Les semblances de Rembrandt, bougonnes-étonnées-ironiques-satisfaites-autosatisfaites-méfiantes-désespérées-distantes-frisées-lissées, constituent une sorte de gradation, qui est aussi une école. Le visage paraît apprendre à correspondre pleinement à n’importe quelle norme imposée… et à la rejeter.

Les autoportraits tardifs, parcimonieux, fonctionnent encore plus à l’économie, avec leurs chapeaux sombres et petits bonnets de lin blanc, sous lesquels sont testés à la file les visages de la réconciliation, du désespoir, de la raillerie. Ils semblent parvenir au même bilan, à une qualité particulière du regard, qu’il est plus simple de définir sur un mode apophatique, en évoquant ce qu’il n’y a pas. Il y manque, je crois, la principale caractéristique du genre, la tentative de pénétration. Le portrait, clairement ramassé en bouquet de significations outrées pour passer en force, est une demande personnifiée d’attention, une requête de place au soleil. Il tente d’ouvrir votre tête comme une porte, d’entrer et de rester. Il a l’intensité d’un message dans une bouteille ou sur un répondeur, d’une missive qui, tôt ou tard, sera la dernière. Ainsi l’autoportrait de Dresde, avec son butor mort – moustache, béret orné d’une plume, main levée qui tient l’oiseau comme la tête de Goliath – rime-t-il également avec Samson vainqueur, mains sur les hanches, près des portes du logis de son père.

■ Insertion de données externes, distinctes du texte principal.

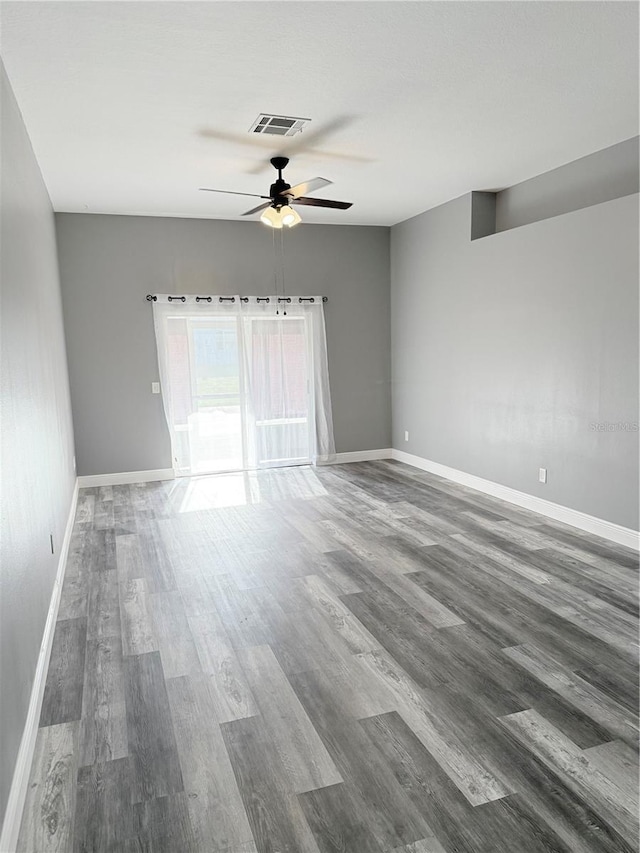 4218 San Rafael Ave, New Port Richey, FL 34655 - empty room with baseboards, visible vents, wood finished floors, and ceiling fan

Les autoportraits de Rembrandt sont des êtres différents, ils ne recherchent pas l’attention, ils proposent, au contraire, la leur, avec toute la largesse possible. Cette qualité commune à l’espace intérieur du tableau – et au regard qui vous accueille sur le seuil – s’ouvre et vous laisse entrer, elle forme un doux creux pour un séjour partagé, un espace intra-utérin, évidemment prévu pour l’adieu. Qu’est-ce qui, en l’occurrence, se sépare de quoi, qu’est-ce qui finit, à peine commencé ? Il suffit de nous rappeler que nous regardons (ne fût-ce que le portrait au vêtement jaune) littéralement par les yeux de Rembrandt, à partir de sa tête, à croire que celle-ci est un télescope qui, pour un sou de cuivre, rapproche de nous un segment lointain du réel, afin qu’à cet instant nous nous quittions nous-mêmes avec tendresse et gratitude. Ce qui se passe alors est la disparition simultanée des deux plateaux de la balance, des deux termes de l’équation, du y et du x. Dans le petit creux, sur le lieu déserté de la rencontre, ne reste que son occupant permanent : le singe mort invisible.